Operating System - OpenVMS
cancel
Showing results for 
Search instead for 
Did you mean: 

Invocation order of Default Condition Handlers?

 
Mark_Corcoran
Frequent Advisor

Invocation order of Default Condition Handlers?

I'm making some code changes for an executable image to deal with a problem of process dumps being generated following an earlier change to include the PRC$_IMGDMP flag when calling $CREPRC to create detached processes.

The original programmers opted to use LIB$SIGNAL in many places to signal undesireable condtions (typically a non-success return status from a call to $QIO, $QIOW or LIB$ routines, or in the case of $QIO or $QIOW the I/O completing but with an IOSB status that indicated failure), ensuring that the severe bit (STS$K_SEVERE) is clear prior to calling it.

The only condition handler that our code establishes is prior to most PASCAL RTL I/O procedure calls (because they are in wrapper procedures, though some higher level procedures that call the wrappers also make PASCAL RTL I/O procedure calls without the condtion handler being established).

In our condition handler it returns SS$_RESIGNAL (after writing a message to a mailbox device so that an application-wide logger process can record the message).

What ends up appearing in the file to which SYS$ERROR is directed for the executable I'm changing is:

  • The "%FACILITY-SEVERITY-IDENT, text" messsage
  • Optionally a secondary RMS message (e.g. "-RMS-W-TMO, timeout period expired")
  • Traceback information (the executable is linked /TRACEBACK),


I've never previously had to look in depth at how error messages and traceback was generated, and had naively assumed that the Pascal RTL was generating the messages that preceded the traceback (as a result of the ERROR := MESSAGE parameter on calls to the I/O procedures).

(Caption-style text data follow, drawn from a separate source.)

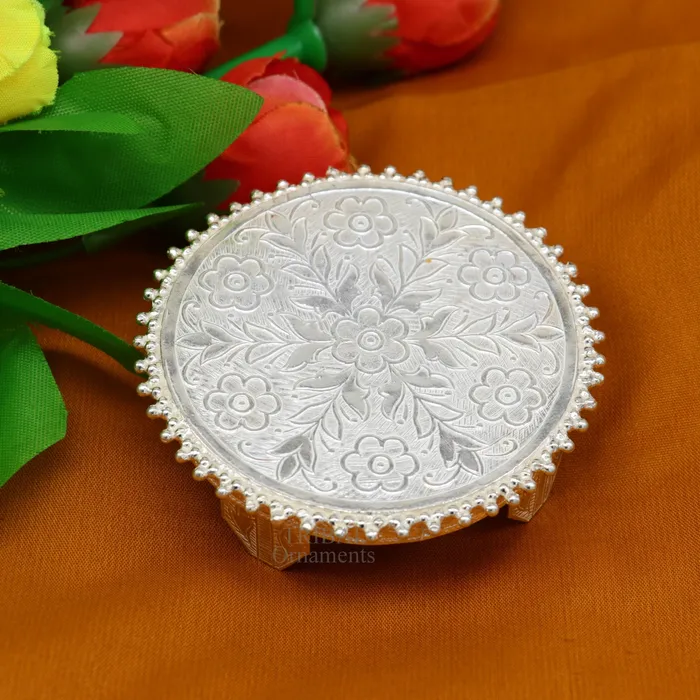 Rings TRIBAL ORNAMENTS Vintage design Sterling silver handmade customize small oval shape tablebazotchouki excellent home puja utensils temple art su427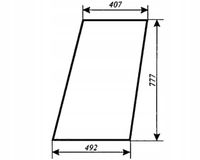 szyba drzwi górne lewe otwierane ciągnika T25 A2 Władimirec kabina sokółka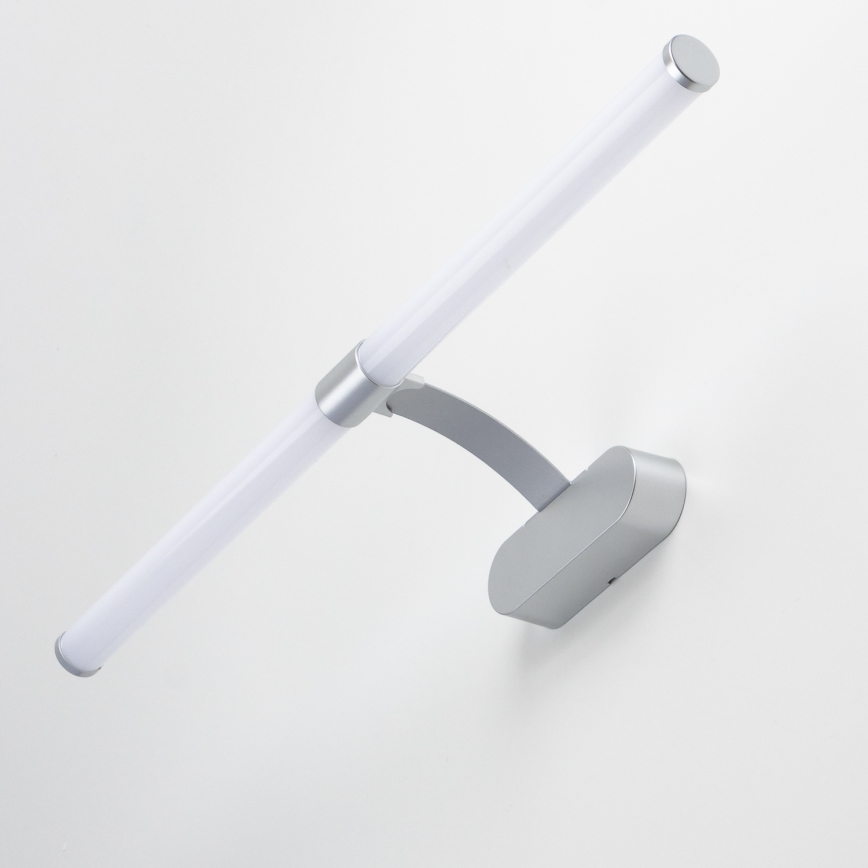 Brilagi - Φωτισμός καθρέφτη μπάνιου LED 2-σε-1 TUBEO LED/8W/230V 60 cm IP44 ασημί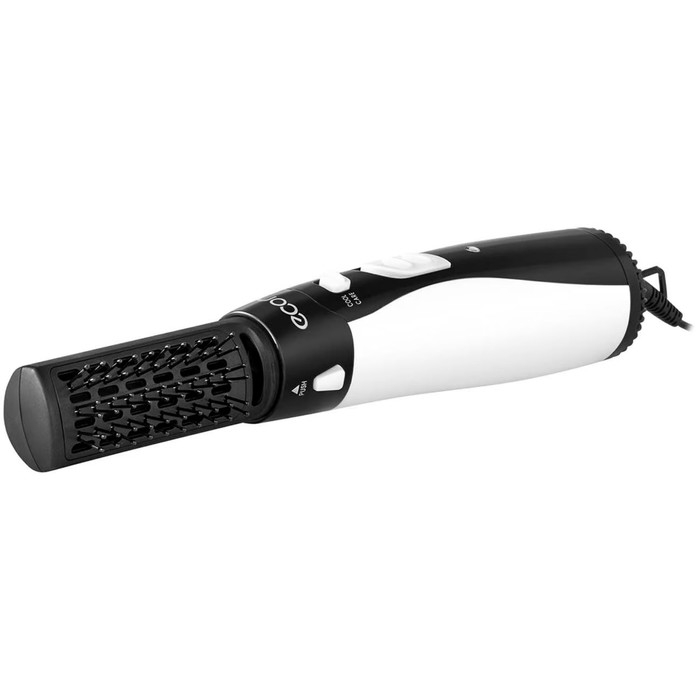 Фен-щётка Econ ECO-BH05B, 1000 Вт, 1 скорость, 2 температурных режима, чёрно-белый Фен-щётка Econ ECO-BH05B, 1000 Вт, 1 скорость, 2 температурных режима, чёрно-белый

Having looked into it, it appears that the ERROR := MESSAGE is simply a trigger to signal a condition that eventually gets dealt with by the last chance condition handler (which is generating the primary and secondary messages and also triggering the process dump).

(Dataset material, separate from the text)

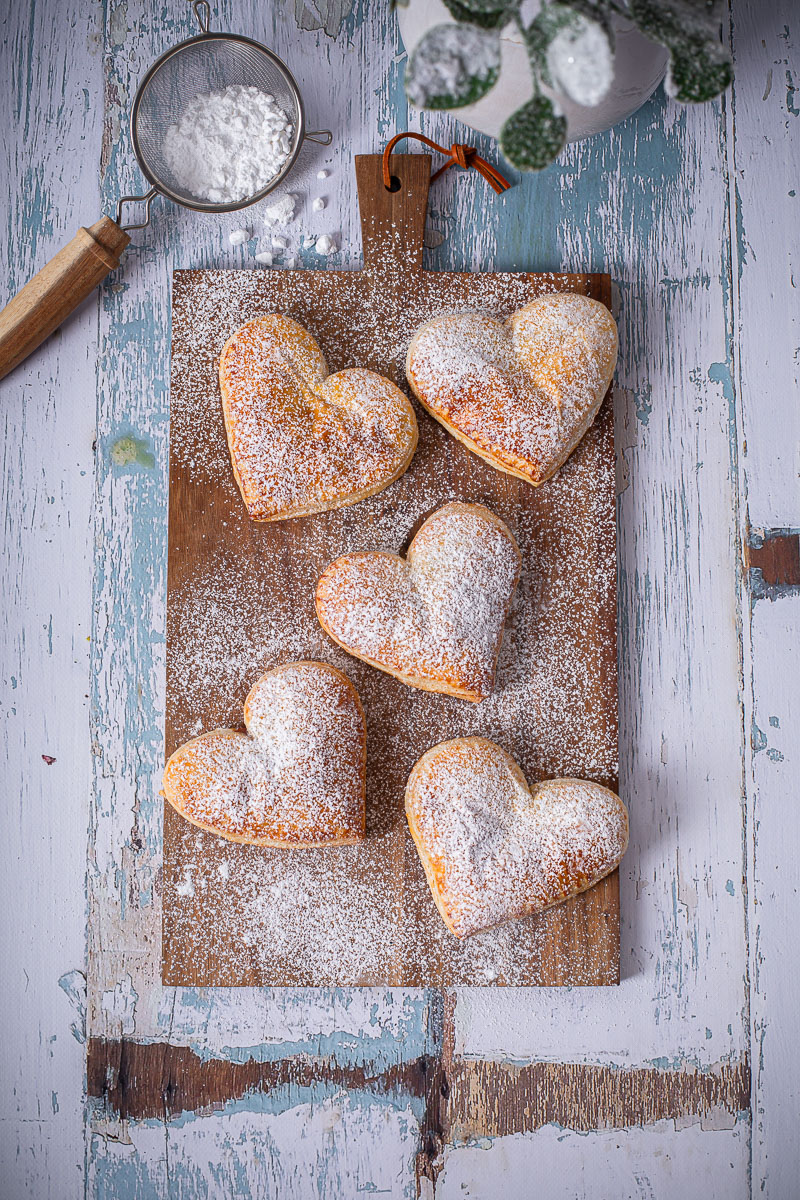 Gebäck für Valentinstag
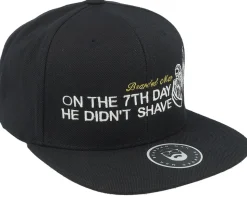 7th Day Black Snapback - Bearded Man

In VMS Internals and Data Structures v5.2 (EY-C171E-DP, 1990), it discusses default condition handlers in section 5.7 (starting on page 93).

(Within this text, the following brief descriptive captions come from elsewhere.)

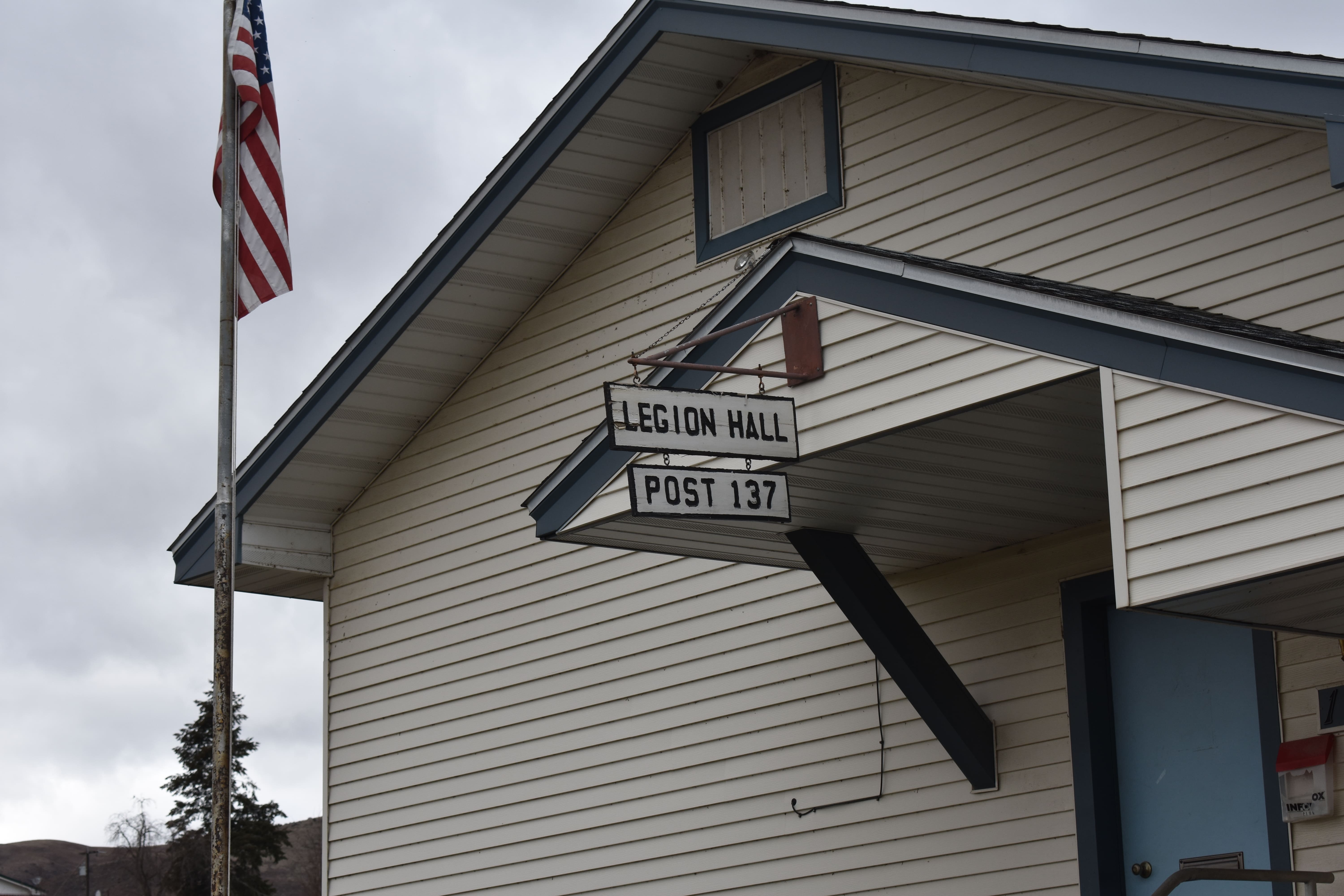 American Legion Hall in Horseshoe Bend Idaho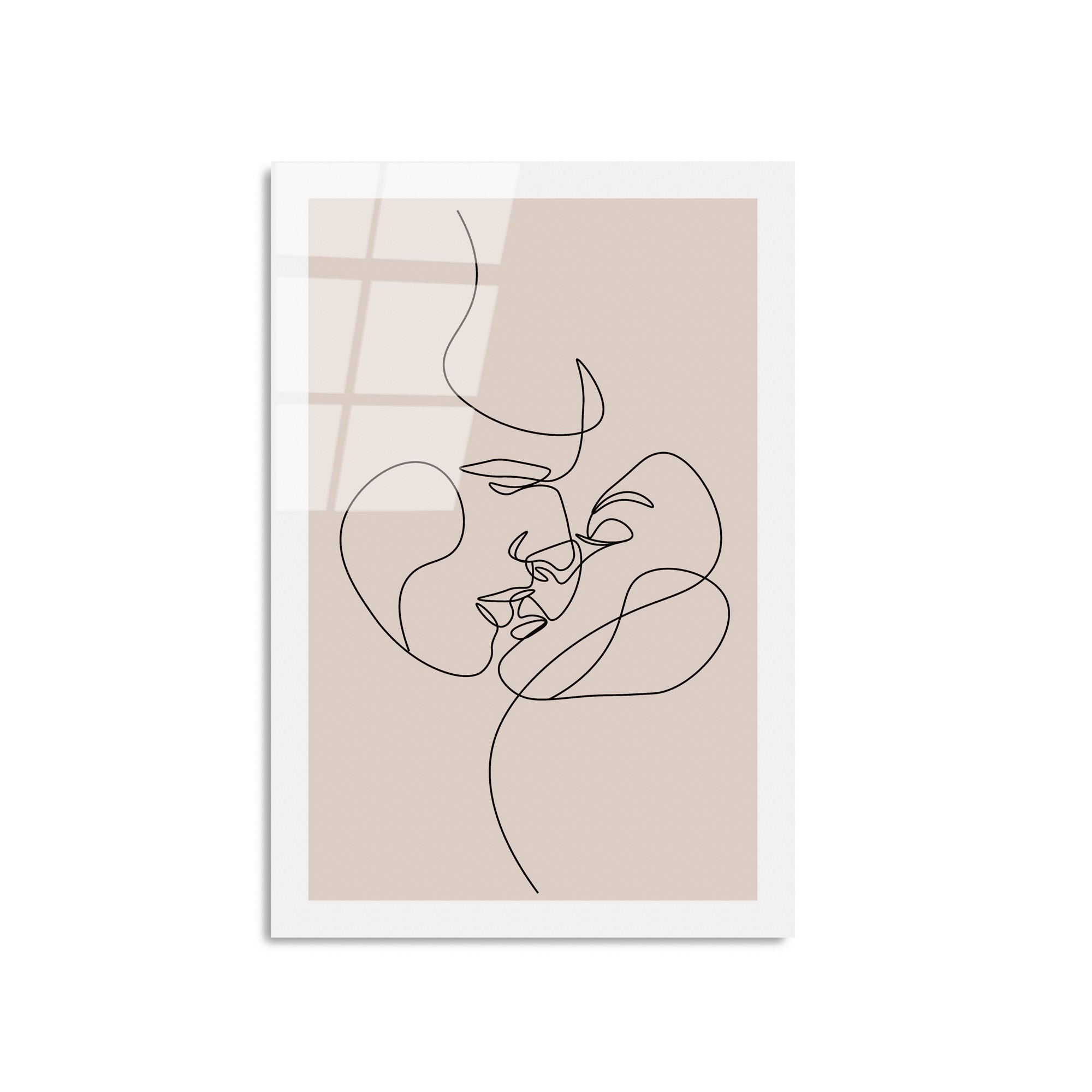 Quadro Decorativo em Vidro Temperado UV-1034 (30 x 45 cm, Multicolor, 4 mm)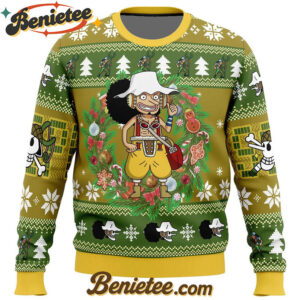 Christmas Usopp One Piece Ugly Christmas Sweater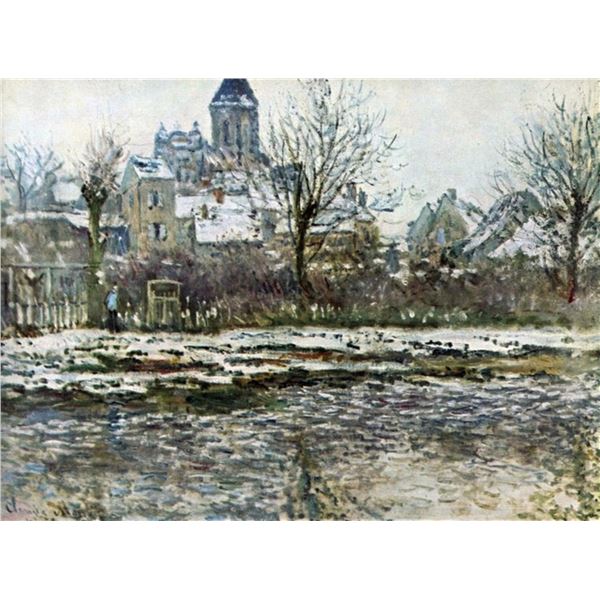 Claude Monet - Snow in Vetheuil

In section 5.7.1 it says that "If the severity level is other than the three listed [warning, error or severe error], the traceback condition handler resignals the condition, which usually means that the condition is being passed on to the catch-all condition handler."

In section 25.3.2 (page 735) - paraphrasing - it says that EXE$CATCH_ALL calls SYS$PUTMSG to output the error message, potentially calls EXE$EXCMSG to write an exception summary (signal array, stack & register dump), then dispatches to EXE$IMGDUMP_MERGE to generate the process dump, and finally either calls $EXIT or continues image execution.


The process dumping only ended up happening because the EXE$CATCH_ALL condition handler was getting invoked as a result of either no condition handler being established, or our established condition handler returning SS$_RESIGNAL.

I've changed all the LIB$SIGNAL calls to record information in a log file that the process records certain events in.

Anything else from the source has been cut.